> **Your task**: Could you retype exactly the lines below between the one holding "Property photo for" and the one holding "Wholesale Ion Plating", inclusive, leaving out any pictures?

*** Opening Material for the task ***

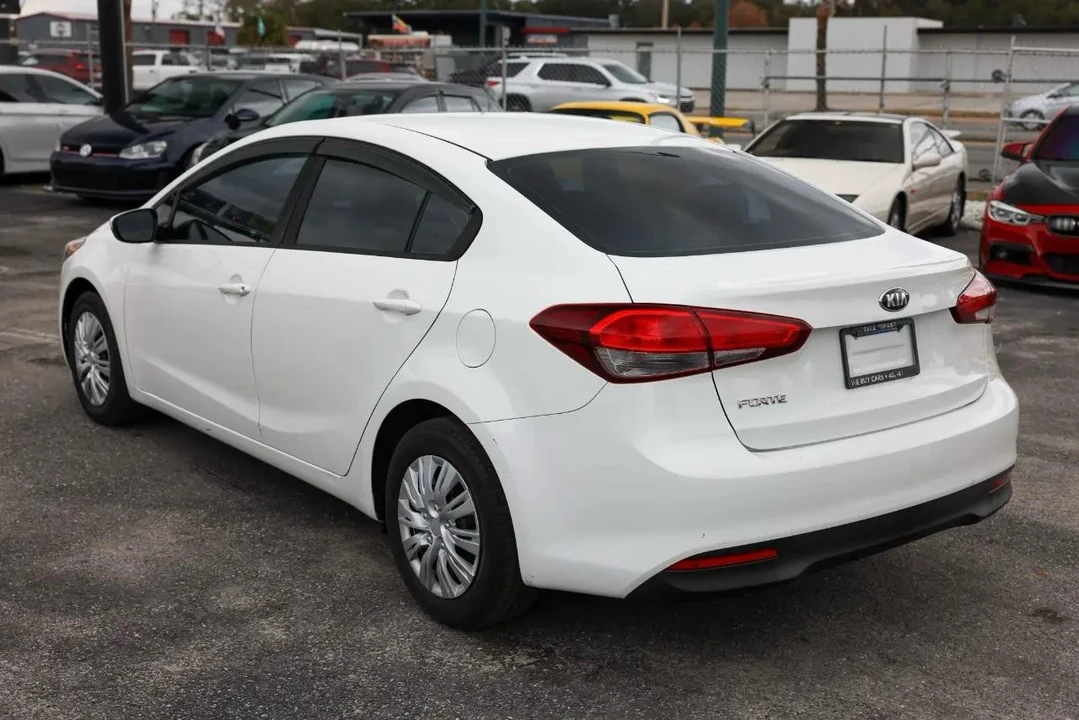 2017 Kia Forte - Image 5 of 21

*** Closing Material for the task ***
*** Opening Material for the task ***

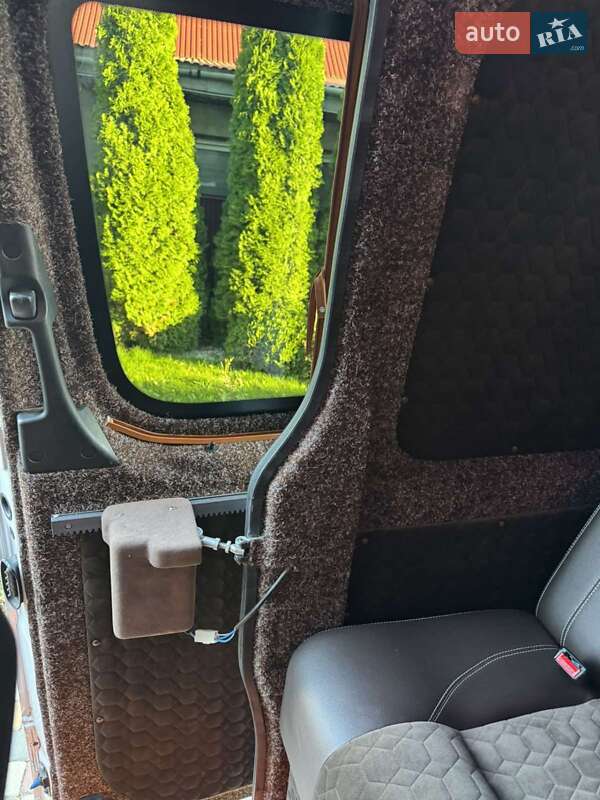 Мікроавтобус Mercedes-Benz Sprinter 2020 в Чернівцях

*** Closing Material for the task ***
*** Opening Material for the task ***

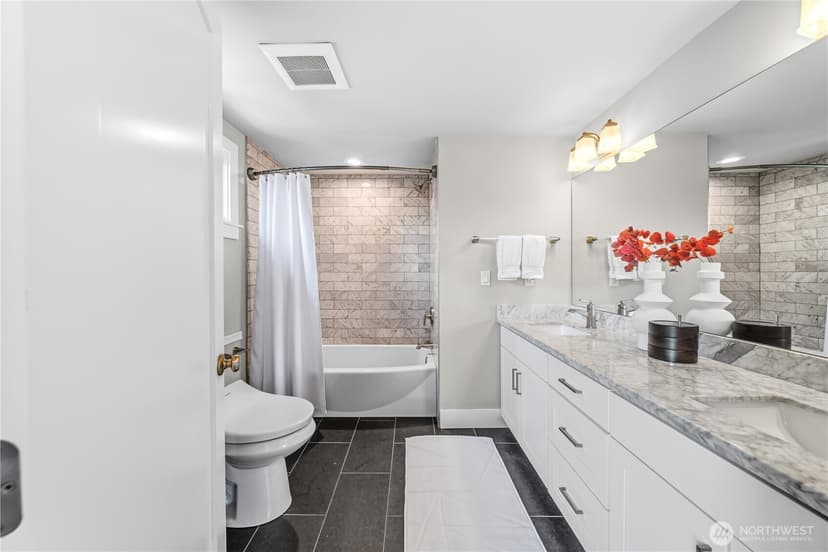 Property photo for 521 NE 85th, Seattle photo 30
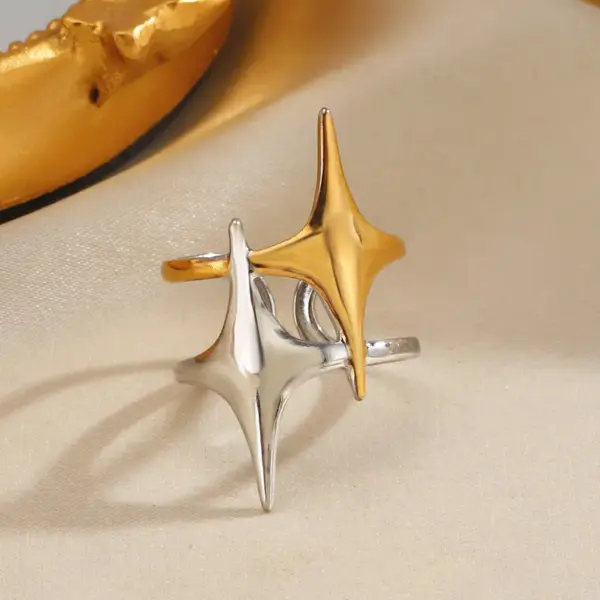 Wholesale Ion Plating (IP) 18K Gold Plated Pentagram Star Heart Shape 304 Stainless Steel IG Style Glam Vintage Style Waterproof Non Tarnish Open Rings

*** Closing Material for the task ***

> **Problem solution**:
 Property photo for 521 NE 85th, Seattle photo 30
 Wholesale Ion Plating (IP) 18K Gold Plated Pentagram Star Heart Shape 304 Stainless Steel IG Style Glam Vintage Style Waterproof Non Tarnish Open Rings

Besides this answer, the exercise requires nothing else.